5

I'm porting some imperative code to Haskell. My goal is to analyze an executable, therefore each byte of the text section gets assigned a number of flags, which would all fit in a byte (6 bits to be precise).

In a language like C, I would just allocate an array of bytes, zero them and update them as I go. How would I do this efficiently in Haskell?

In other words: I'm looking for a ByteString with bit-wise access and constant time updates as I disassemble more of the text section.

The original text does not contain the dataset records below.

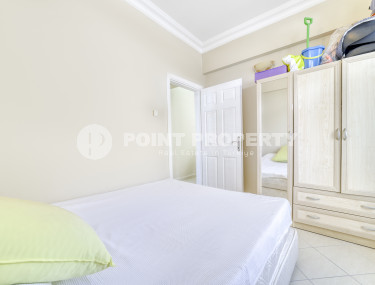 Меблированная трехкомнатная квартира в доме городского типа в 50м от моря в Тосмуре, Алания-id-2583-фото-4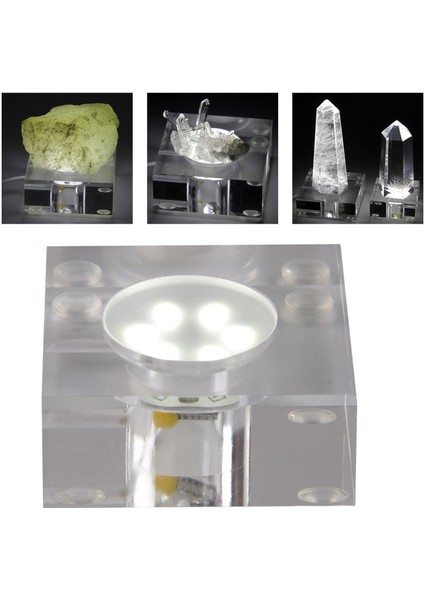 2x Kristal Top Ekran Standı USB Destekli Depolama Tutucu Dekor (Yurt Dışından) indirimleri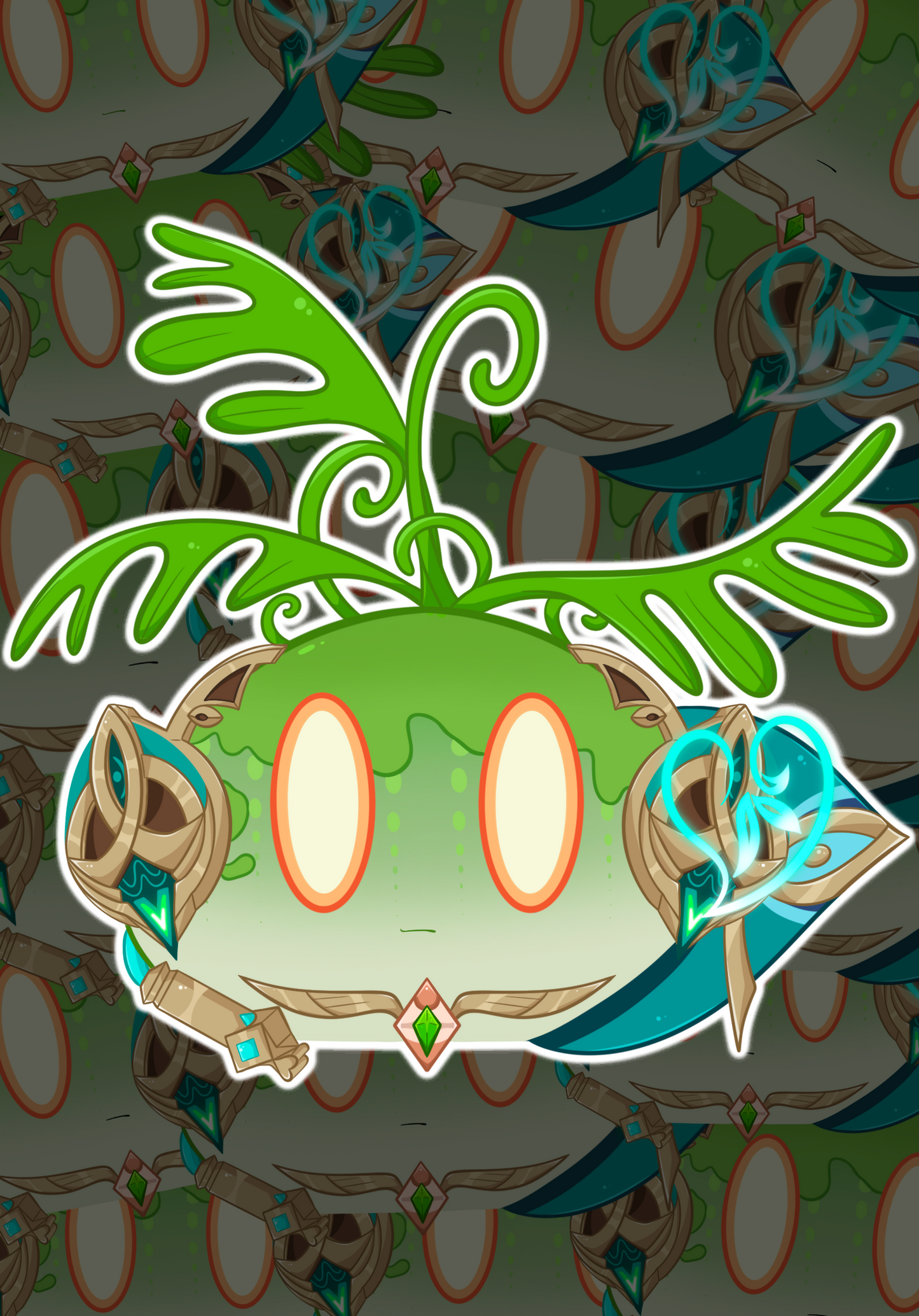 Alhaitham Slime - Genshin Impact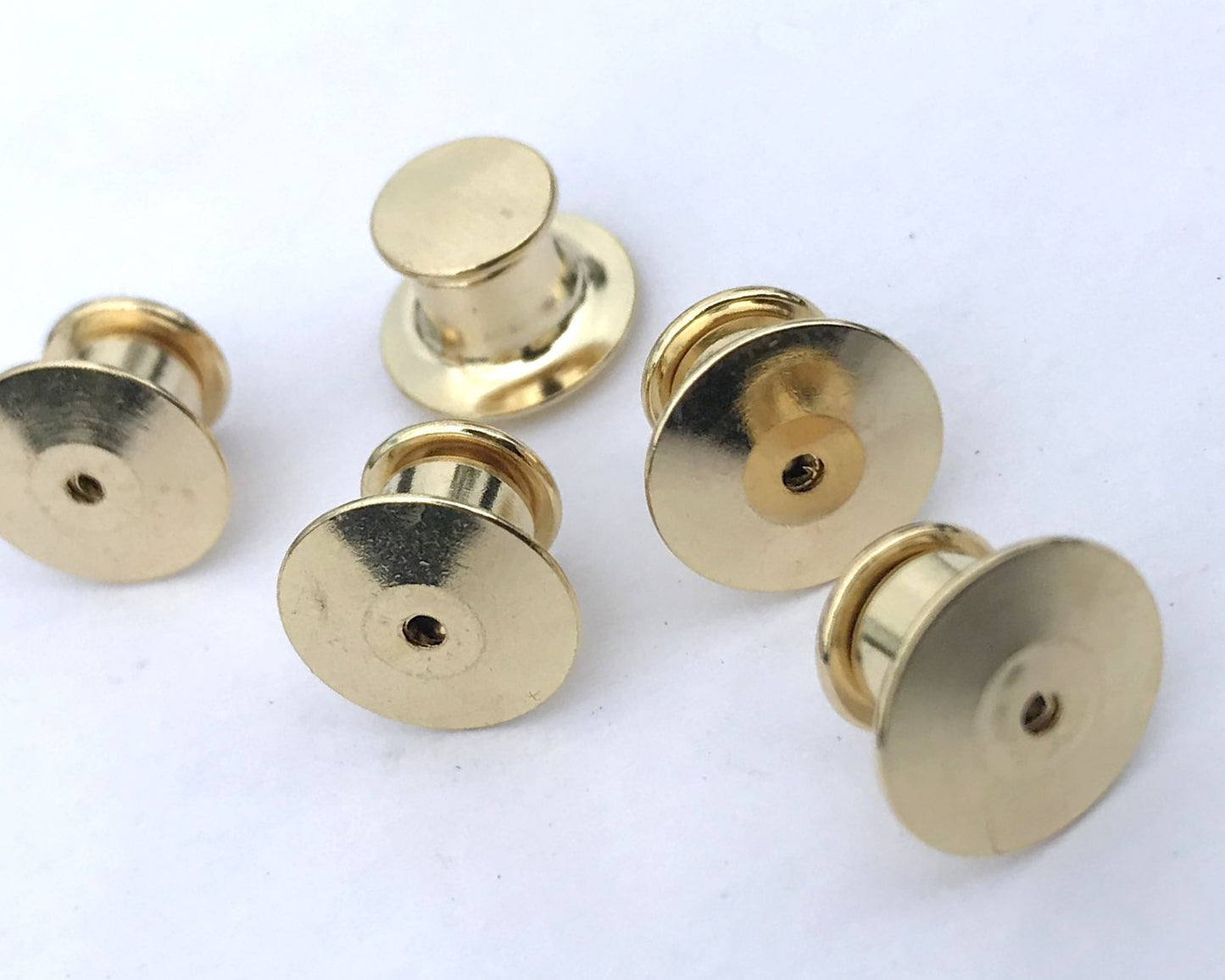 Locking Pin Backs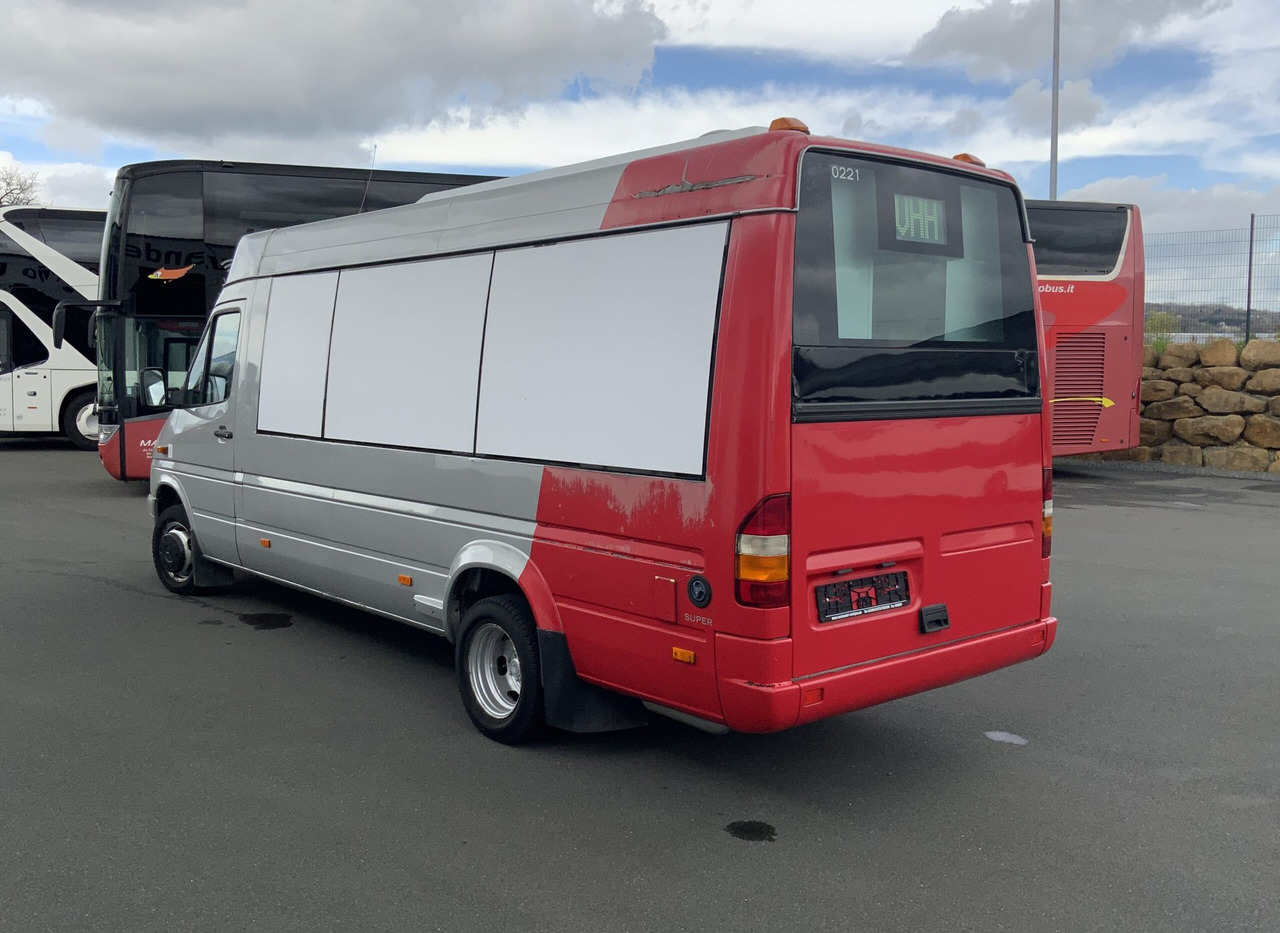 Mercedes-Benz 414 Sprinter - Микроавтобус, Пассажирский фургон: фото 3 Mercedes-Benz 414 Sprinter - Микроавтобус, Пассажирский фургон: фото 3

Edit: Of course, any kind of other data structure would do if it was similarly efficient.

Sebastian Graf
  • 3,602
  • 3
  • 27
  • 38

2 Answers2

9

The implementation for unboxed arrays of Bool-s in array is a packed bitarray. You can do mutable updates on such arrays in the ST Monad (this is essentially the same runtime behaviour as in C).

András Kovács
  • 29,931
  • 3
  • 53
  • 99
  • These are both excellent answers, but I think I go with gspr's because it seems more idiomatic to me. – Sebastian Graf Oct 11 '14 at 09:49
  • @Sebastian: `vector` doesn't pack Bool-s into bits, therefore you have to write your own wrapper if you want to read/write specific bits. Most of the time `vector` is a better choice because of the richer API, but here `array` is probably simpler. – András Kovács Oct 11 '14 at 10:28
  • 1
    I think I will allocate one byte for each element anyway, because I *think* that would be more performant from an element access perspective. Also it feels like implementing my flags on top of `Bits` is somehow more convenient than 6 consecutive `Bool`s, however that may be subjective. – Sebastian Graf Oct 11 '14 at 10:43
  • @Sebastian valid points, I retract my opinion about array being preferable here. – András Kovács Oct 11 '14 at 12:51
  • Although the votes beg to differ. Maybe I'm missing something? I will be able to tell in a few days. – Sebastian Graf Oct 11 '14 at 13:00
6

You can use a vector with any data type that's an instance of the Bits typeclass, for example Word64 for 64 bits per element in the vector. Use an unboxed vector if you want the array to be contiguous in memory.

gspr
  • 11,144
  • 3
  • 41
  • 74